The unstated gotcha here is that the chain operates through a variation of BFT agreement where staked coins vote for new blocks. All the usual BFT constraints apply -- namely, if fewer than 66% of the staked coins can reach a quorum, the chain stalls. This would mean that the network is only as resilient as the nodes that contribute the least-resilient 33% of the coin votes.

I bring this up because it has some pretty terrible resiliency implications below.

> Although you can earn rewards for doing work that benefits the network, you can lose ETH for malicious actions, going offline, and failing to validate.

If the coin is successful, then this really serves to incentivize DDoS attacks.

PoS is fundamentally a "rich-get-richer" system -- the means of making new coins tomorrow are intrinsically tied to owning coins today by the protocol itself. There's no way around this. This intrinsic coupling has two significant economic implications, which in turn impact the chain's resiliency:

* The price of coins is a function of their expected future revenue from staking. If you want to become a staker, the expected value you'll pay for your coins will include not only the spot price of the token, but also all the future (but time-discounted) revenue that coin will earn you from staking it. This is the lower-bound case, too -- if there's something even more profitable than staking you could be using the coins for, then the expected price of the coin will reflect that activity instead of staking.

* Coins minted from staking would need to be continuously re-staked in order to maintain current profitability relative to your competitors. Stakers can't afford not to do this, unless there's a buyer (or use-case) that can give an even higher ROI than all future ROI from staking block rewards.

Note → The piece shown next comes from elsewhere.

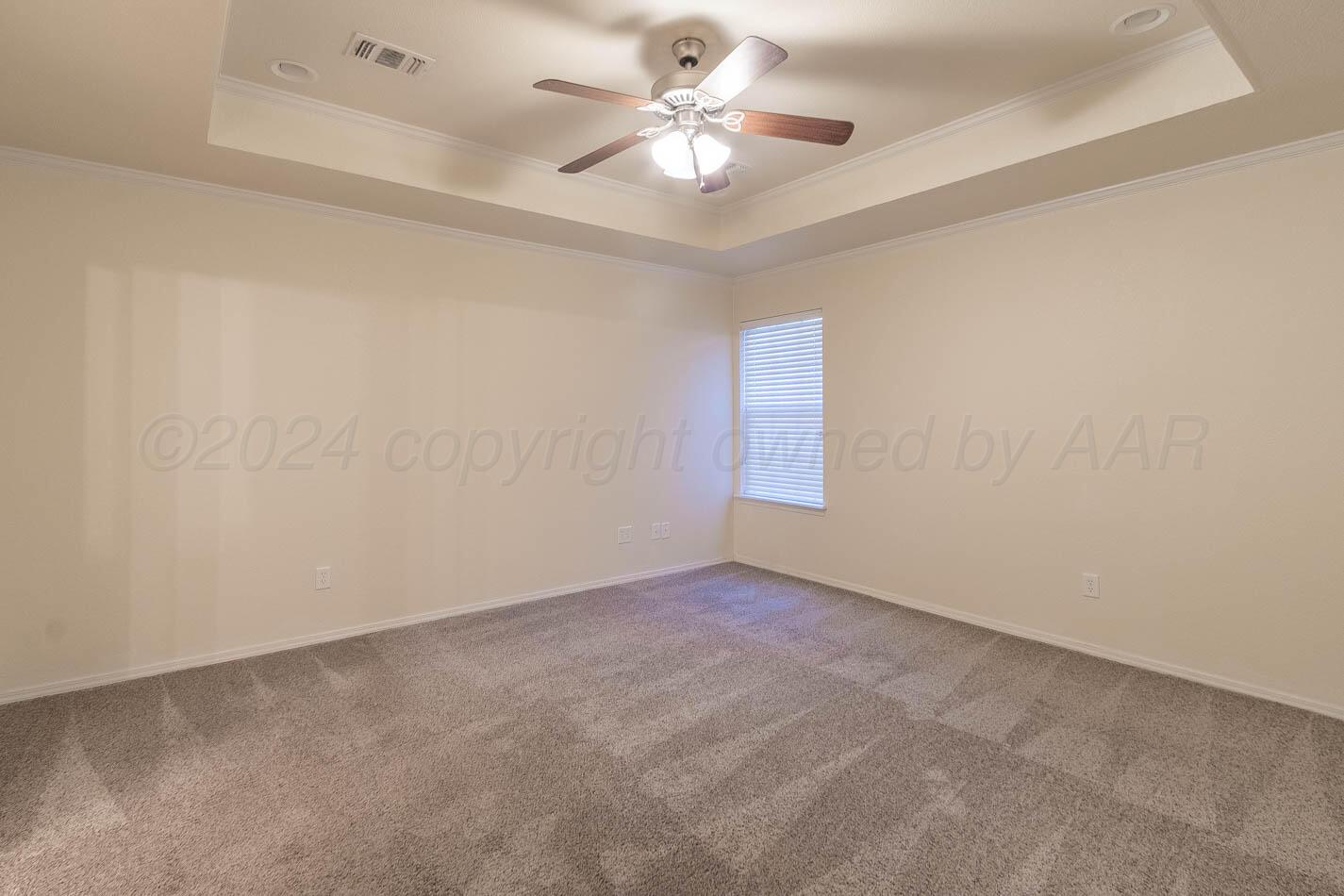 3520 S Mirror Street, Amarillo, Idaho image 4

This impacts chain resiliency as follows:

* There will never be any spare capacity for fail-over, since staking your coins will always be more profitable than keeping them on stand-by in order to recover from failed block producers. If the chain encounters a liveness failure (e.g. more than 33% of the staked coins go offline), new block producers can't just step in and take over without buying the coin first (and the more successful / long-term-valuable the coin is, the higher that price will be). The price of the token would either need to first come down to whatever level the highest-bidding poor but honest block producer can afford, or the protocol would need to slash a portion of the 33% of offline coins until quorum can be met. Neither of these things is instantaneous, so you'd be looking at a dead chain for some non-negligible amount of time. (Note that this is not true for PoW -- mining rigs can lie dormant until the difficulty falls to the point where it's profitable to turn them on, thereby ensuring that a liveness failure in the profitable block-producers does not lead to an overall liveness failure for the chain).

* It's very costly for new honest block-producers to join the network, which will make the network brittle. As the token becomes more successful and its long-term value realized, honest block producers will have to pay more and more up-front capital costs to start participating. The only people who can sell them coins to stake are their competition, so there's little seller information asymmetry to exploit here -- the seller knows exactly how much these coins are worth to the buyer for staking, so they will always price that in. This is a direct consequence of the means of coin production being tied to coin ownership.

* If the coin is successful, then there will reach a point where the cheapest way for a block producer to grow their revenue from staking is to knock other staking nodes offline (or hack them and cause their coins to be slashed from bad behavior). There's no fail-over capacity to take over block production if the staking coin quantity decreases, so the attacker only needs to succeed once in getting their competition slashed. Then, their fraction of all coins staked will increase due to other coins getting slashed. (Contrast this to PoW, where the attacker not only needs to knock the competing block-producer offline, but keep it offline indefinitely).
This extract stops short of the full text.